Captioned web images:
* * * * * * *

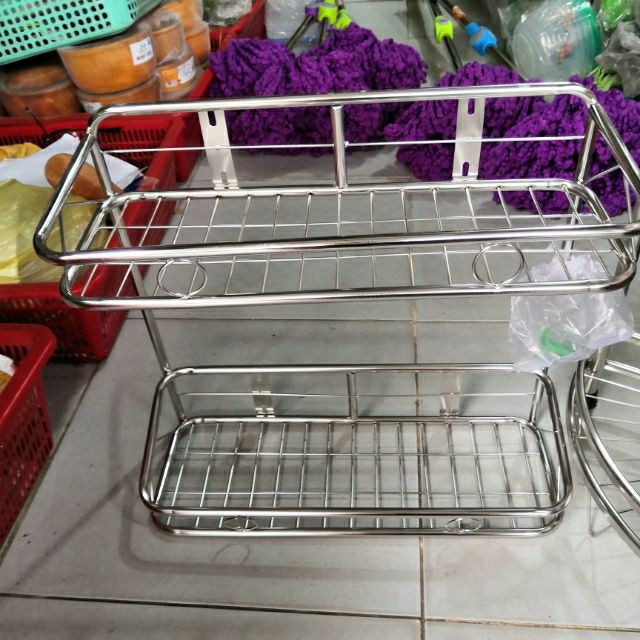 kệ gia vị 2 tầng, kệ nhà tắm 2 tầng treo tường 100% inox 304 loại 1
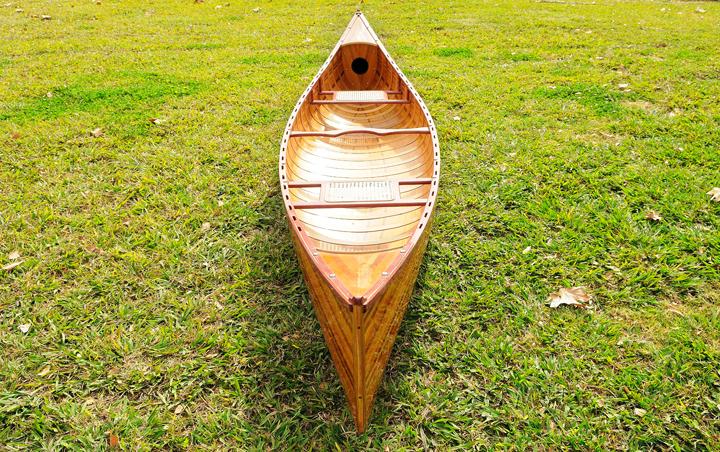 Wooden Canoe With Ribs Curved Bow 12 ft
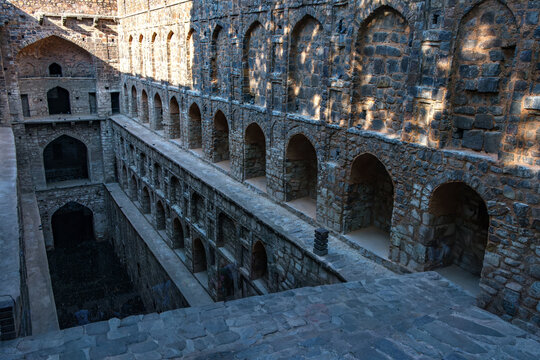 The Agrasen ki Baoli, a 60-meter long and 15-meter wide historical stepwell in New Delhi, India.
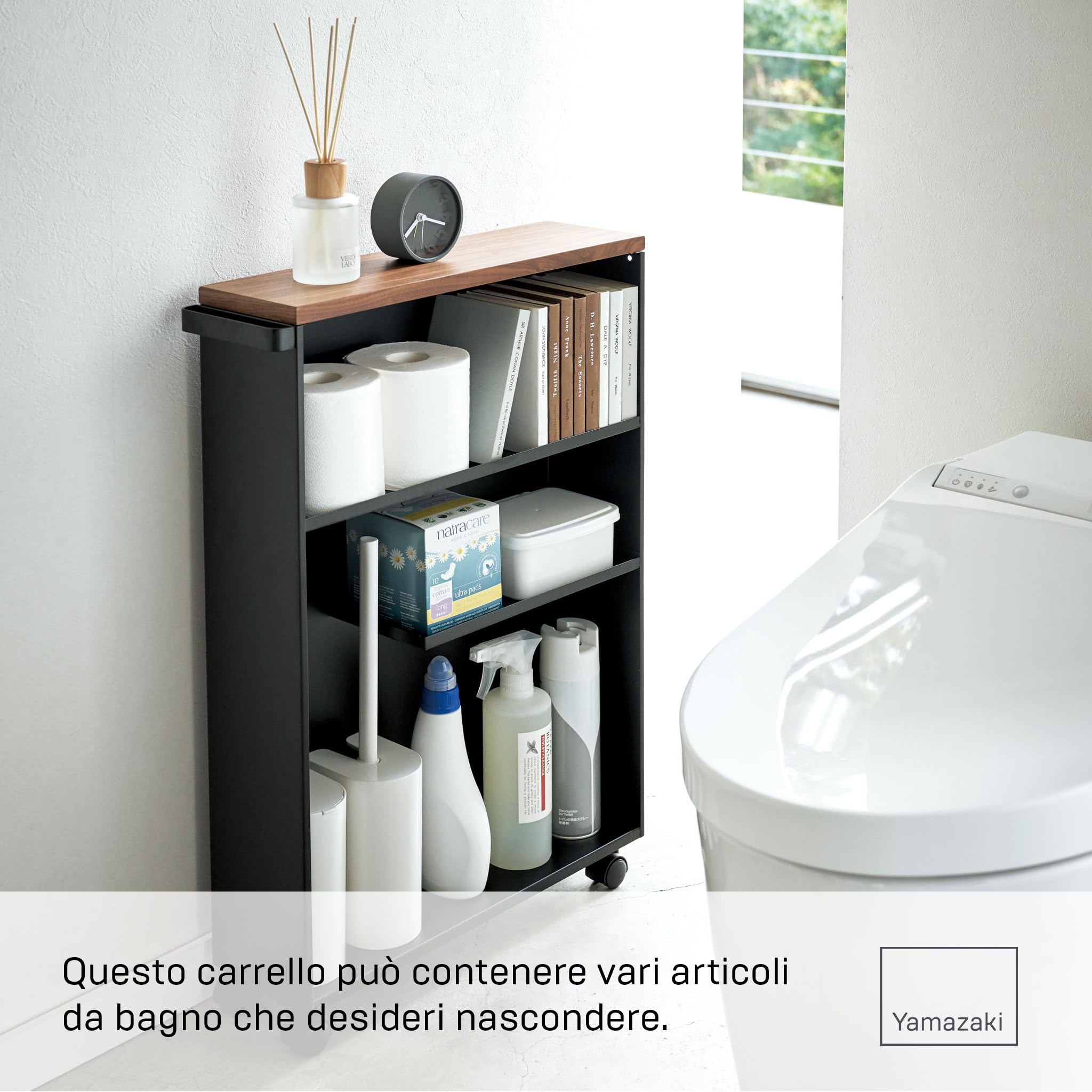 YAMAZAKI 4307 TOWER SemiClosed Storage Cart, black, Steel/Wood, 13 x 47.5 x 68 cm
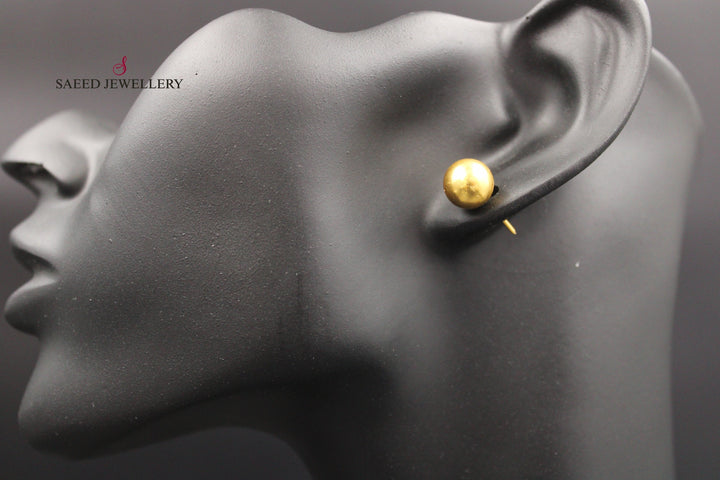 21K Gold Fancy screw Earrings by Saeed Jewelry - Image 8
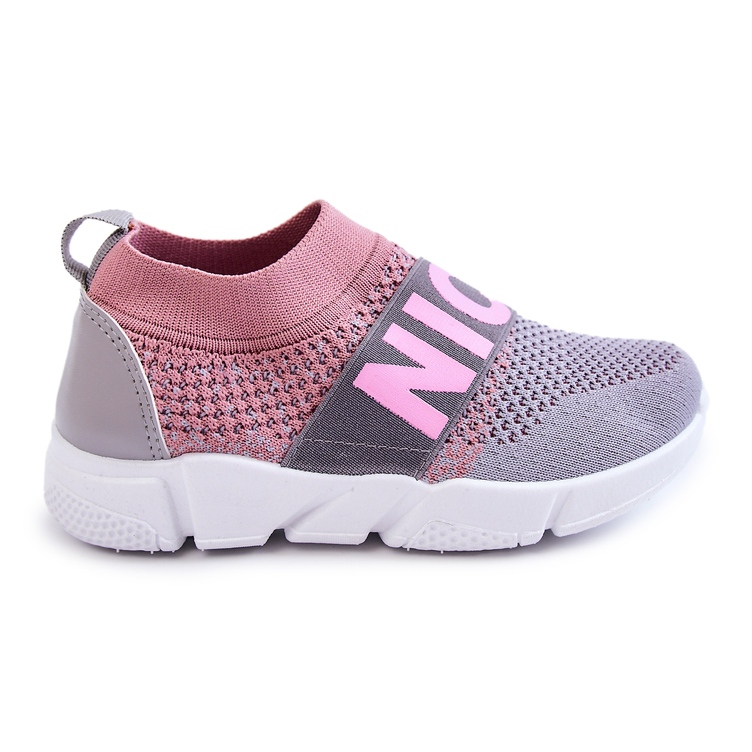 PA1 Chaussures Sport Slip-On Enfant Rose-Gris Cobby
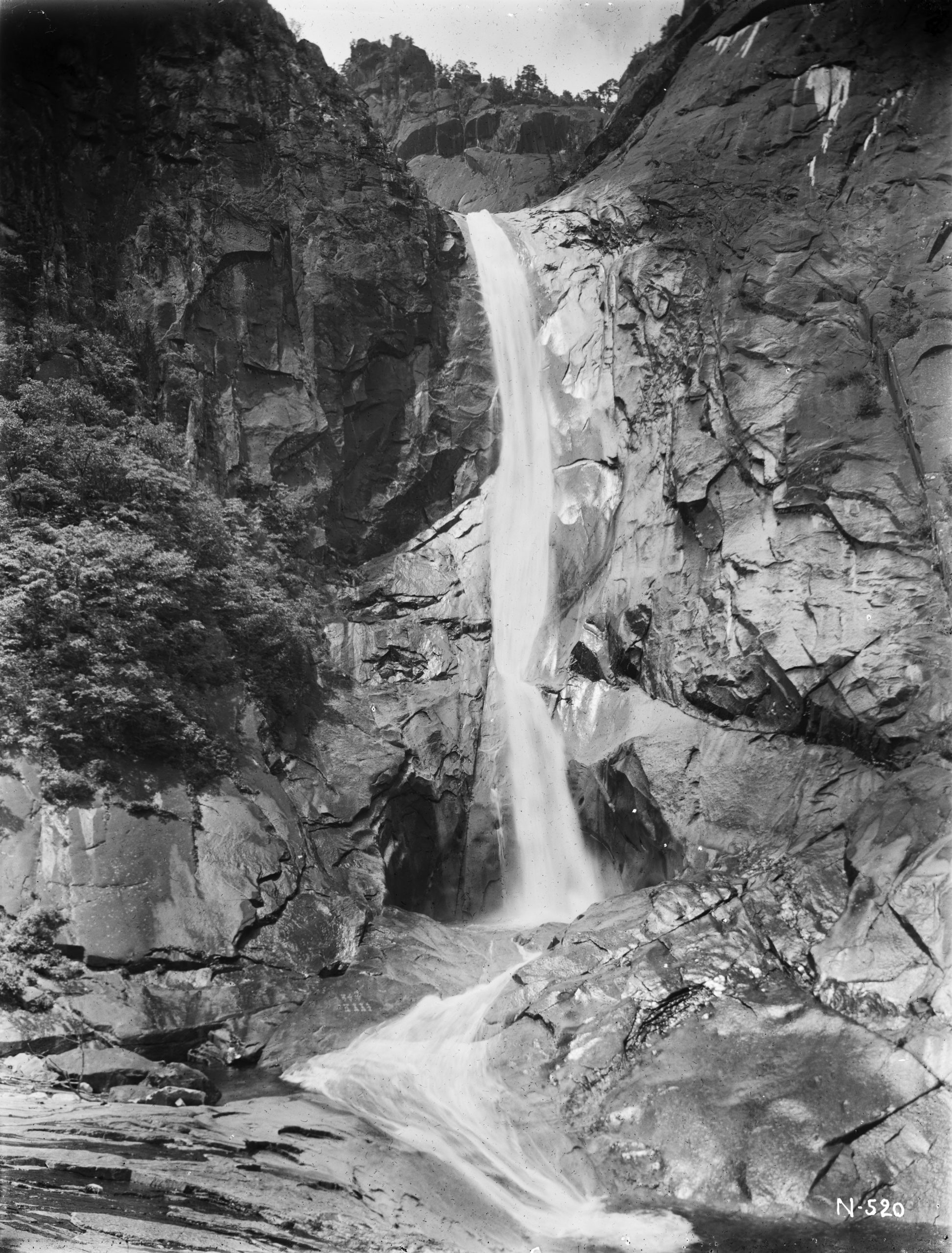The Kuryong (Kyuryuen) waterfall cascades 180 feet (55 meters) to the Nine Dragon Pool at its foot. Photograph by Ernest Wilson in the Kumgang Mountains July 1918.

* * * * * * *

* **TASK BRIEF**
A faithful copy of the data above is wanted, with every image left out.

* **RESPONSE TO THIS TASK**
 kệ gia vị 2 tầng, kệ nhà tắm 2 tầng treo tường 100% inox 304 loại 1
 Wooden Canoe With Ribs Curved Bow 12 ft
 The Agrasen ki Baoli, a 60-meter long and 15-meter wide historical stepwell in New Delhi, India.
 YAMAZAKI 4307 TOWER SemiClosed Storage Cart, black, Steel/Wood, 13 x 47.5 x 68 cm
 21K Gold Fancy screw Earrings by Saeed Jewelry - Image 8
 PA1 Chaussures Sport Slip-On Enfant Rose-Gris Cobby
The Kuryong (Kyuryuen) waterfall cascades 180 feet (55 meters) to the Nine Dragon Pool at its foot. Photograph by Ernest Wilson in the Kumgang Mountains July 1918.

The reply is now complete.